Io: “No, io questo album non lo voglio recensire.”
Capo Redattore: “Perchè?”
Io: “Perchè non mi piace.”
Capo Redattore: “…ma non l’hai ancora sentito!”
Io: “…e va bene, non l’ho ascoltato, ma ci sono lì tutte le cose che la gente si aspetta. Ci sono i cori di migliaia di persone, magari un violino che fà tanto Paganini, c’è un’orchestra portatile, insomma quello che il metallaro fantasy di turno si aspetta…e poi sto già recensendo una band”
Capo Redattore: “ Che band? Cosa fanno?”
Io: “Suonano metalcore, fà tanto intellettuale…e sai piace tanto”
Capo Redattore: “Ah una band metalcore, bravo!…….originale”
Io: “ Si è sempre tempo per una band metalcore, sempre!”

Quindi vuoi dirci che stai facendo la parodia a “Il Caimano” di Nanni Moretti per suggerirci che eri prevenuto?
Manco per sbaglio! Al limite lo sono verso chi ascolta metalcore (nemmeno non mi piace e basta).  Invece il power è la mia terra, lo ascolto e mi sento a casa per cui è tempo di passaggi armonici. 

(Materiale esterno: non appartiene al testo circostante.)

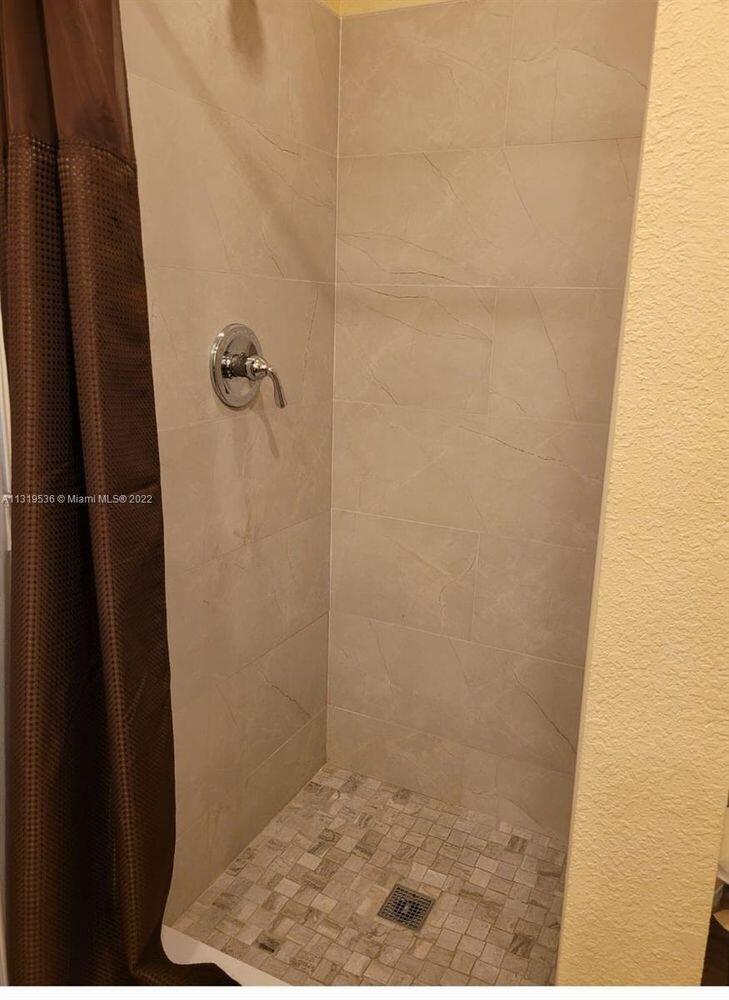 21 Mockingbird Road Key Largo, FL 33037 - Photo 35 of 38 1ST Floor Shower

Scherzo sulfureo – Il Violino a mollo

Tempo addietro ho avuto il piacere inaspettato di conoscere un chitarrista che suonava perfettamente i Megadeth, gli Slayer e tante altre bellissime cose thrash. Dopo che il mio volto avevo cambiato espressione non poche volte, in ultimo persino un filo di bavetta colava dalle labbra durante le sue esecuzioni, scoprii che fino a poco tempo prima suonava solo il violino, solo che ad un certo punto, il nobile strumento finì a mollo nella vasca da bagno per la gioia del padre direttore d’orchestra, il cui sogno nel cassetto era certamente quello di un figlio metallaro. Come no.
Ripartirei proprio da quel violino abbandonato per proseguire la recensione senza ulteriori divagazioni.
 

Sinfonia in Doh Minore –  In Crescendo!

I Winterage nascono dall’incontro di un violino, suonato da Gabriele Boschi, e delle tastiere, suonate da Dario Gisotti. Se le prime note sinfoniche si levarano al cielo per naturale propensione era certamente necessario arruolare un chitarrista per diventare metal: così trovarono Riccardo Gisotti. Nel 2011 rilasciarono un EP semi-strumentale di sei brani, non prima però di aver arruolato qualcuno che dettasse i ritmi e i tempi del loro power metal di stampo classico: la batteria venne affidata a Davide Bartoli, mentre il basso a Matteo Raganini. Manca qualcosa però… Ah già, il cantante! Così a completare la line-up Daniele Barbarossa alla voce. Presenti tutti all’appello? Bene.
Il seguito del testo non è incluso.